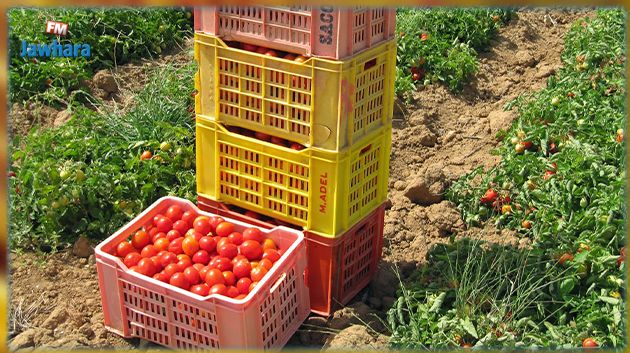 نابل: خسارة 1000 هكتار من المساحات المزروعة طماطم مقارنة بـ2022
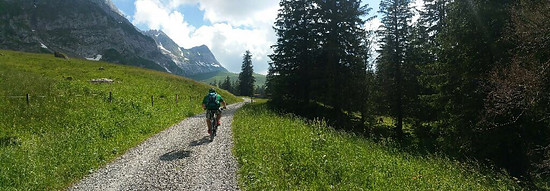 2282970-lrwxzqnj5co5-ich_appenzell-medium.jpg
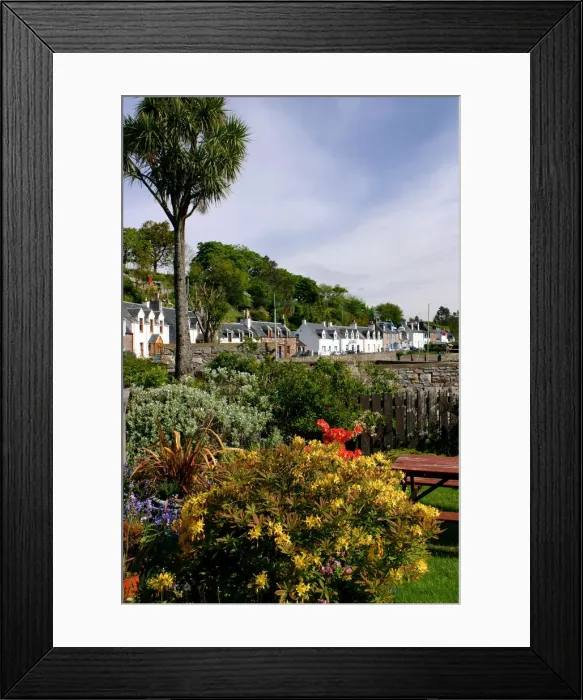 Framed Print : Plockton, Highland, Scotland Framed Print : Plockton, Highland, Scotland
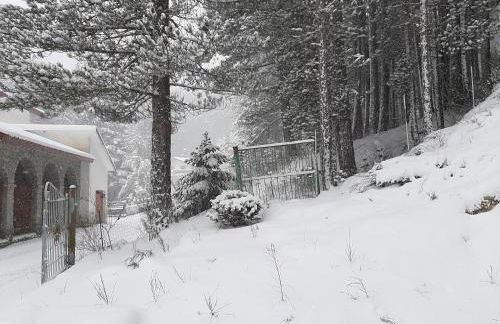 Dimora nel bosco - Foto 47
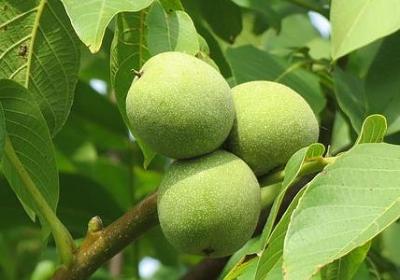 人生起起伏伏的句子(推荐40句) 人生起起伏伏的句子(推荐40句)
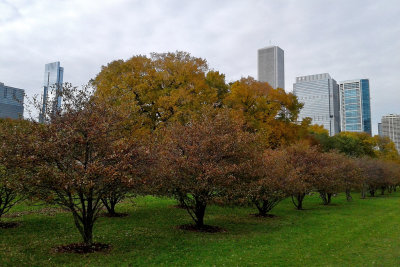 Fall in Grant Park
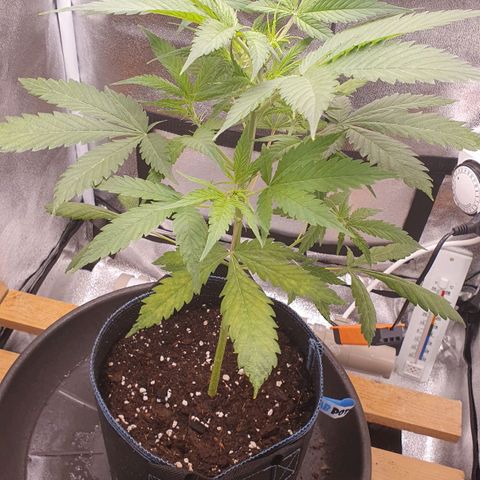 Pêdrinha Girl Scout growlog photo: Still with yellow leaves. Started using a bloom nutrient to see if it gets healthy 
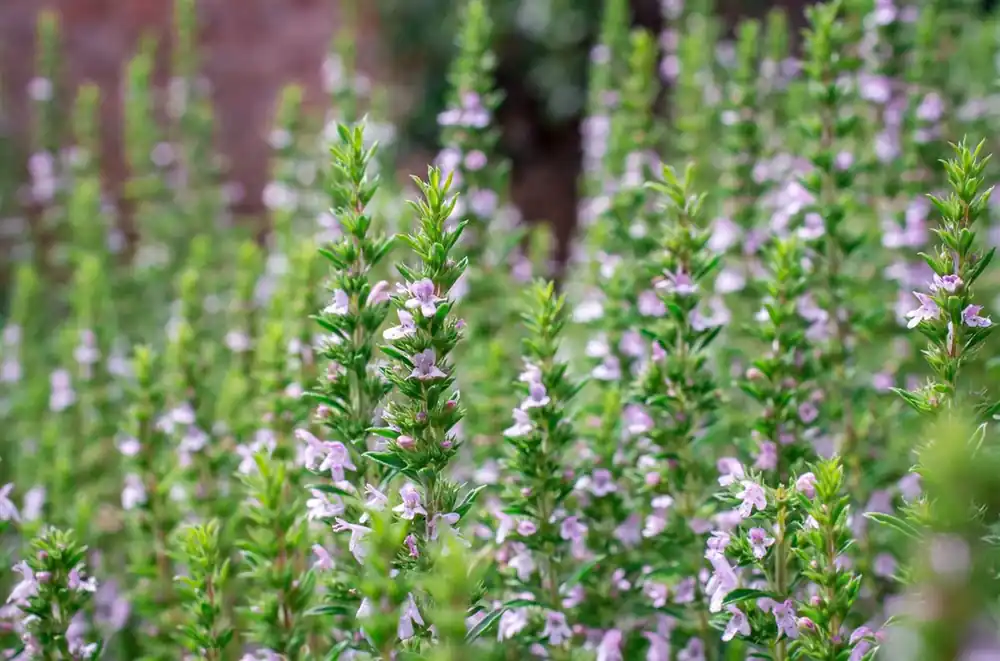 Professionele kwaliteit | Thymus vulgaris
★ ★ ★ ★ ★ ★ ★
**Description of the task**
Write out every line above exactly as it is, leaving out the pictures.

**Answer to this task**
 نابل: خسارة 1000 هكتار من المساحات المزروعة طماطم مقارنة بـ2022
 2282970-lrwxzqnj5co5-ich_appenzell-medium.jpg
 Framed Print : Plockton, Highland, Scotland Framed Print : Plockton, Highland, Scotland
 Dimora nel bosco - Foto 47
 人生起起伏伏的句子(推荐40句) 人生起起伏伏的句子(推荐40句)
 Fall in Grant Park
 Pêdrinha Girl Scout growlog photo: Still with yellow leaves. Started using a bloom nutrient to see if it gets healthy 
 Professionele kwaliteit | Thymus vulgaris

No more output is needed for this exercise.